## HOW TO COMPLETE THIS TASK
The response must be the exact lines from the line holding "To finally pause" through the end of the entries, with no pictures and nothing else.

## INFORMATION SHOWN
• • • • • • •

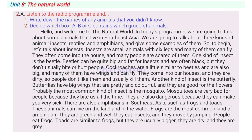Unit 8, Part A, Activity 2A. Listen to the radio programme and: 1. Write down the names of any animals that you didn't know. 2. Decide which box — A, B or C — contains which group of animals.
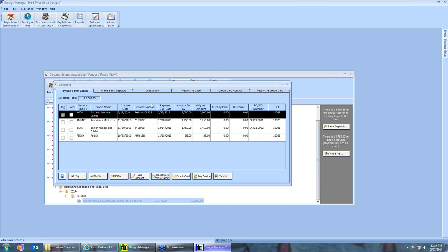Those are a few methods of handling retainers and how to refund or apply them at the end of or during a job. Let's pause here for a few questions before going into handling deposits, if there are any that have been unanswered.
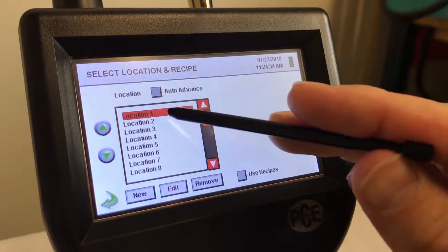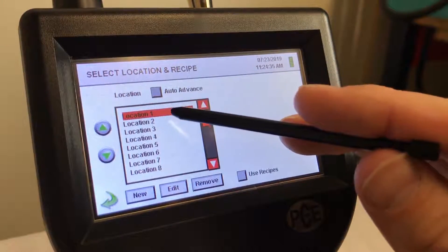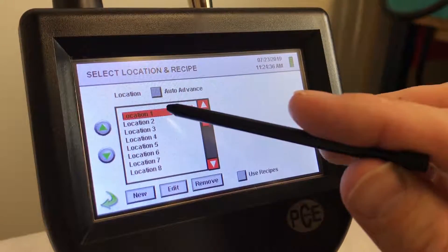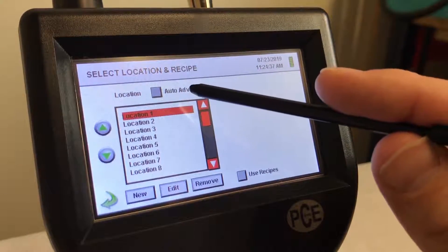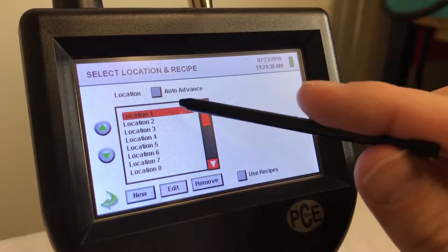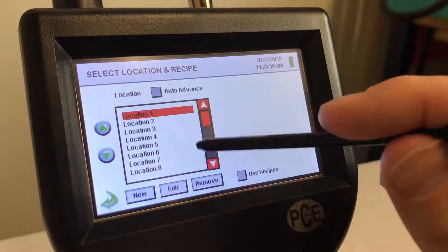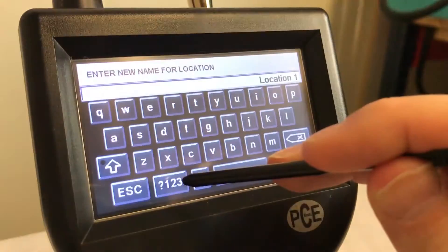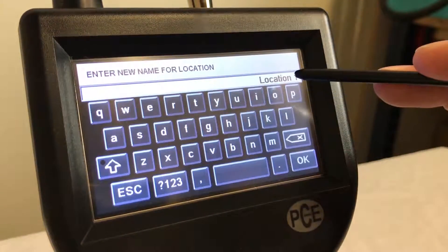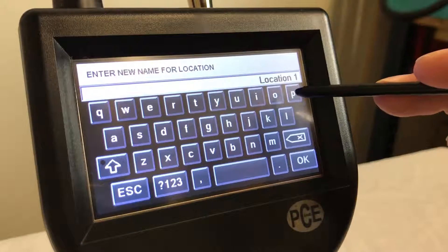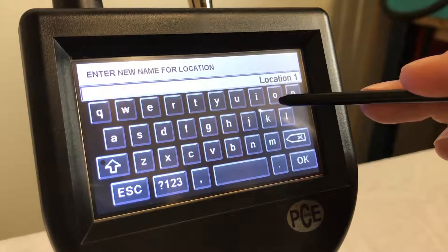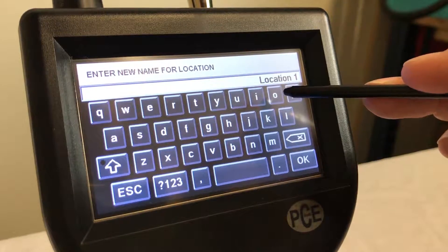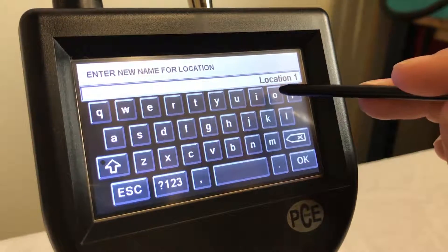You can name certain locations. So for example, if you wanted to make location one an office, you could go ahead and edit it and change the name.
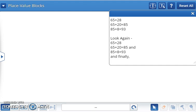And finally, 65 plus 28 equals 93. I hope you will think about using mental strategies when adding two two-digit numbers.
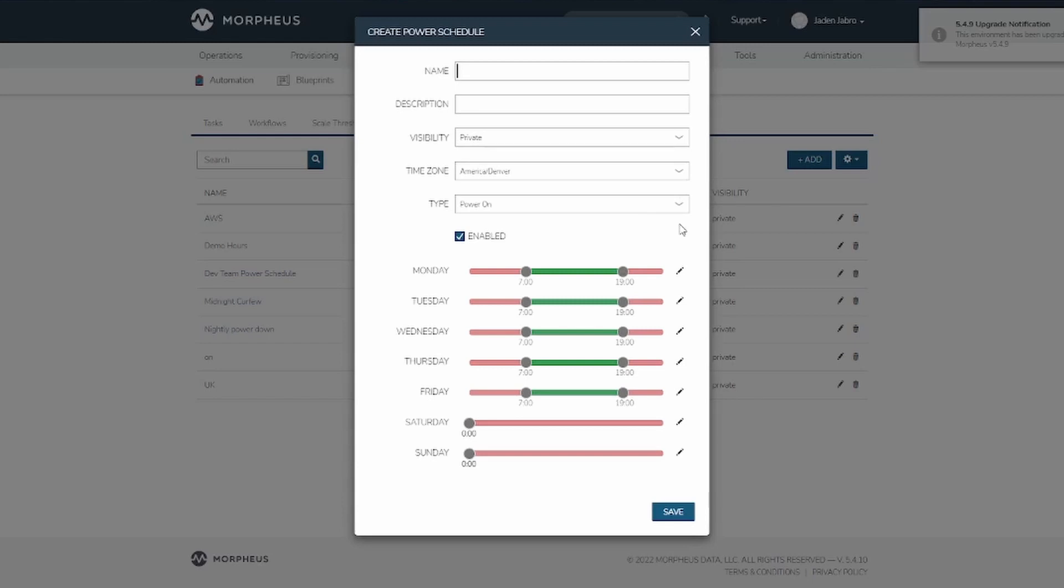You can adjust the times on the days of the week by clicking and dragging these sliders. It will move in increments of 15 minutes, or you can click the pencil option and set it manually.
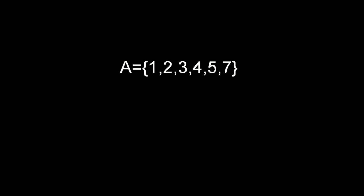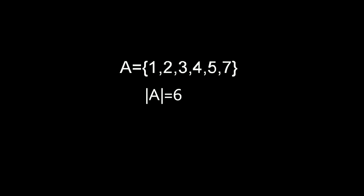Suppose you have a finite set A. Cardinality of the set is defined as the number of elements of that set, which is 6 in this case. Now let's consider the set of all integers. Clearly there are infinitely many but let's define it as aleph 0.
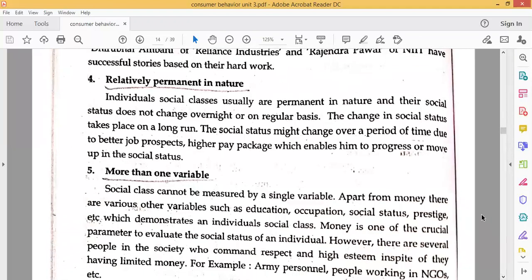The next feature is Relatively Permanent in Nature. Individual social classes are usually permanent in nature and their social status does not change overnight or on a regular basis. The change in social status takes place in the long run. The social status might change over a period of time due to better job prospects and higher pay packages which enable a person to progress or move up in social status.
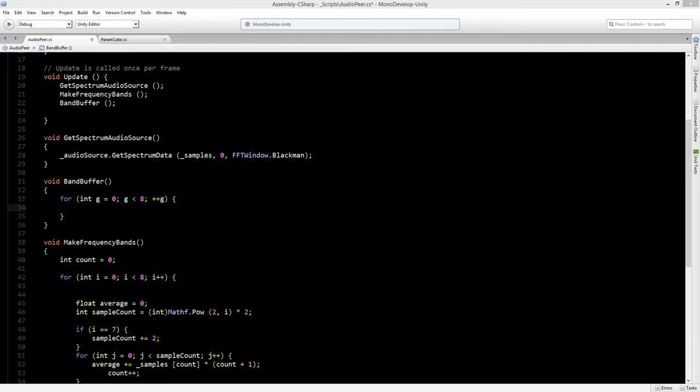Now we need to make two if statements. If the frequency band is higher than the band buffer, and if the frequency band is lower than the band buffer.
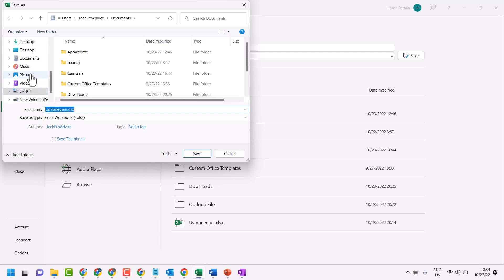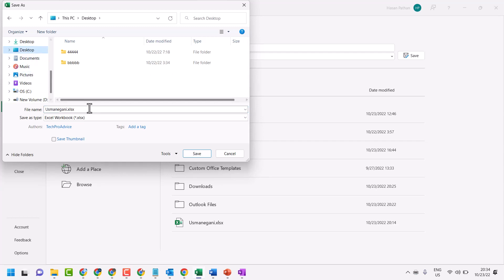Now in this list, select desktop. Give any name which you need. Then just click on save.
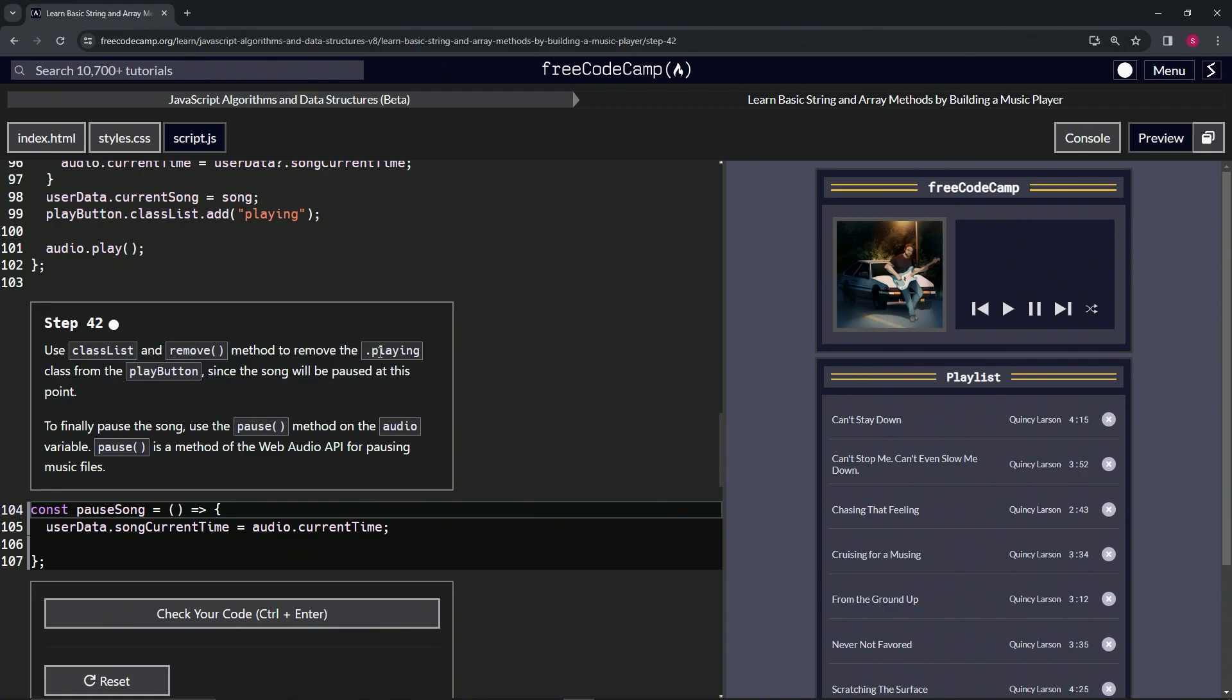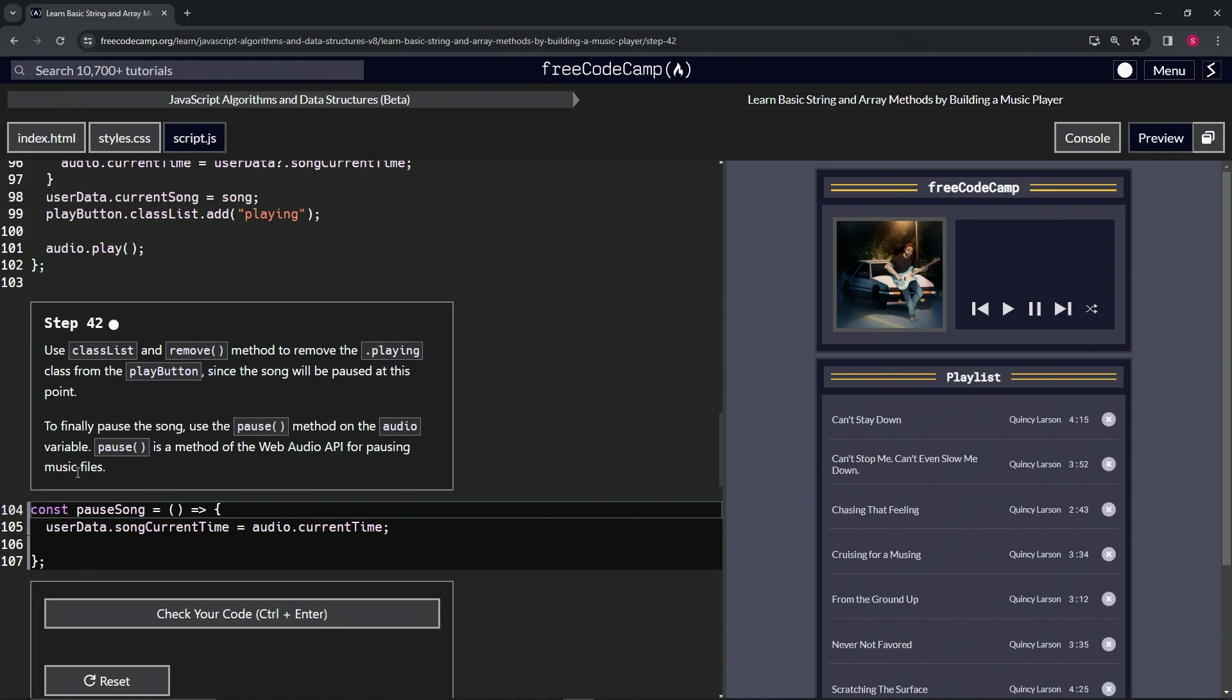To finally pause the song, we're going to use the pause method on the audio variable. The pause method is a method of the Web Audio API for pausing music files.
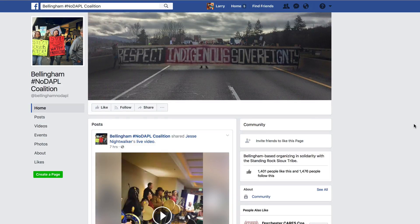Hi everyone. In this video I'm going to be showing you how to do a Facebook Open Graph search and know who's liking your page. In particular, we're going to be taking a look at the Bellingham hashtag no DAPL coalition.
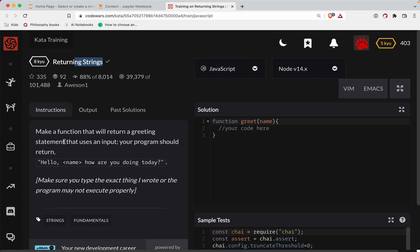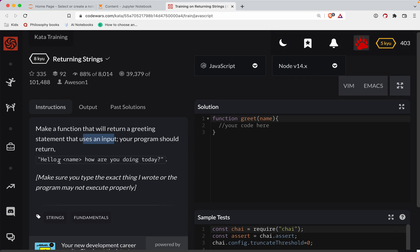So with that, let's make a function that will return a greeting statement that uses an input. Your program should return hello name, how are you today? Okay, cool. So we're going to give it a name. We're going to return a greeting.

• • • • • • •

## TASK SOLUTION
To finally pause the song, we're going to use the pause method on the audio variable. The pause method is a method of the Web Audio API for pausing music files.
Hi everyone. In this video I'm going to be showing you how to do a Facebook Open Graph search and know who's liking your page. In particular, we're going to be taking a look at the Bellingham hashtag no DAPL coalition.
So with that, let's make a function that will return a greeting statement that uses an input. Your program should return hello name, how are you today? Okay, cool. So we're going to give it a name. We're going to return a greeting.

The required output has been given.